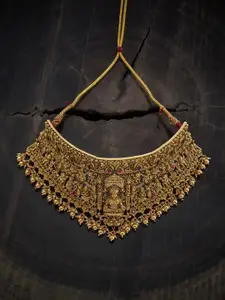 Kushal's Fashion Jewellery Silver Gold-Plated Stones Studded & Beaded Temple Necklace
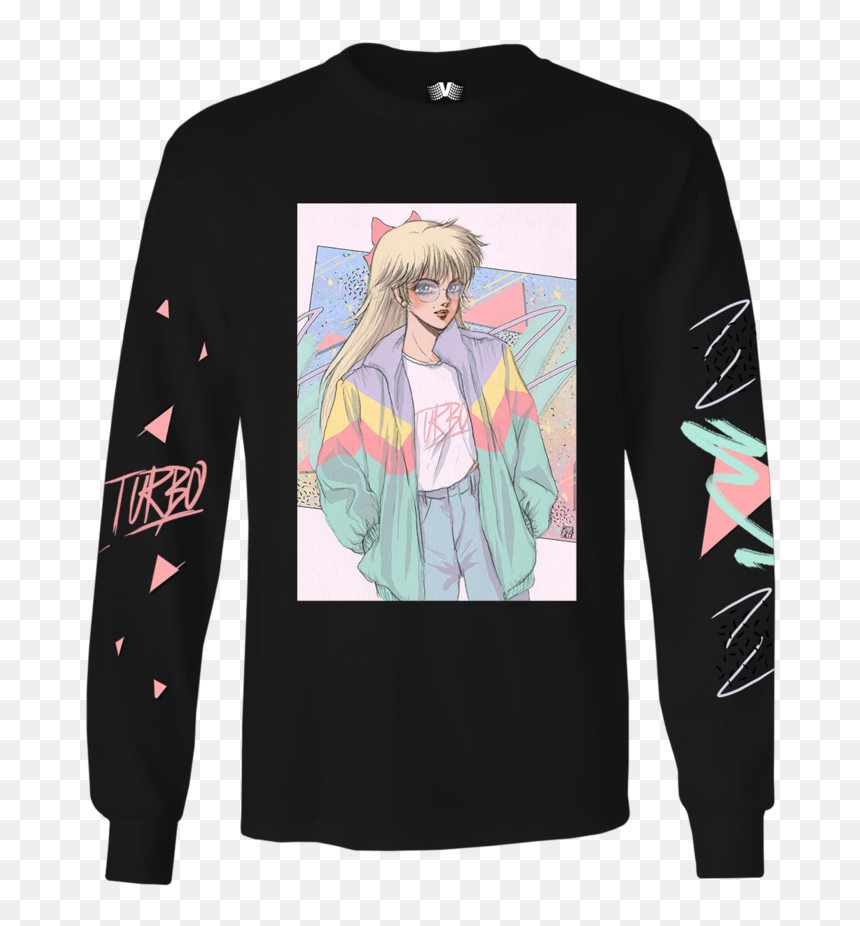 Long Sleeve Graphic Tee - Turbo Babe, HD Png Download - long sleeve shirt png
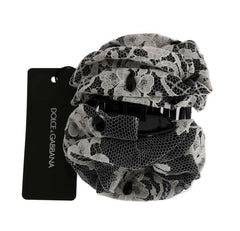 Dolce & Gabbana Black White Floral Lace Crystal Hair Claw -   -  Dolce & Gabbana.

→ Assignment
Retype the data above as given, letting no picture into the copy.

→ Result of the exercise
 Kushal's Fashion Jewellery Silver Gold-Plated Stones Studded & Beaded Temple Necklace
 Long Sleeve Graphic Tee - Turbo Babe, HD Png Download - long sleeve shirt png
 Dolce & Gabbana Black White Floral Lace Crystal Hair Claw -   -  Dolce & Gabbana.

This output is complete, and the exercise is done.